Embroidery techniques such as counted-thread embroidery including cross-stitch and some canvas work methods such as Bargello make use of the natural pixels of the weave, lending themselves to geometric designs.

==Weaving==

Ada Dietz (1882 - 1981) was an American weaver best known for her 1949 monograph Algebraic Expressions in Handwoven Textiles, which defines weaving patterns based on the expansion of multivariate polynomials.

Miller (1970) used the Rule 90 cellular automaton to design tapestries depicting both trees and abstract patterns of triangles.

==Spinning==

Margaret Greig was a mathematician who articulated the mathematics of worsted spinning.

==Fashion design==

The silk scarves from DMCK Designs' 2013 collection are all based on Douglas McKenna's space-filling curve patterns. The designs are either generalized Peano curves, or based on a new space-filling construction technique.
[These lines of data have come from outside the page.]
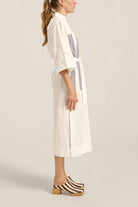 Woman wearing a white dress with a gray pattern on a plain background
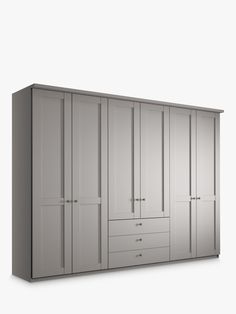 a large white closet with drawers and doors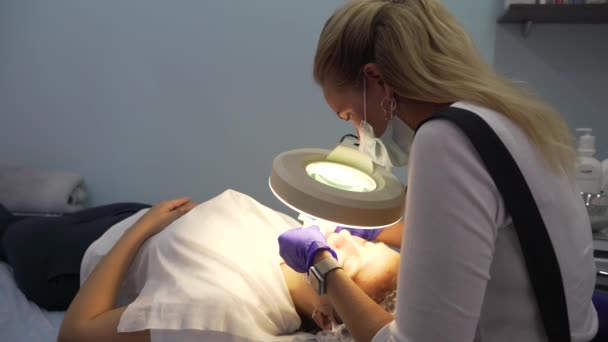 Cosmetólogo realiza el procedimiento para la mujer. El médico rubio mira a través de la lupa y realiza el procedimiento de limpieza de la piel. Examina la piel bajo lupa. Tratamiento de la piel — Vídeo de stock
The Issey Miyake Fall-Winter 2010–2011 ready-to-wear collection designs from a collaboration between fashion designer Dai Fujiwara and mathematician William Thurston. The designs were inspired by Thurston's geometrization conjecture, the statement that every 3-manifold can be decomposed into pieces with one of eight different uniform geometries, a proof of which had been sketched in 2003 by Grigori Perelman as part of his proof of the Poincaré conjecture.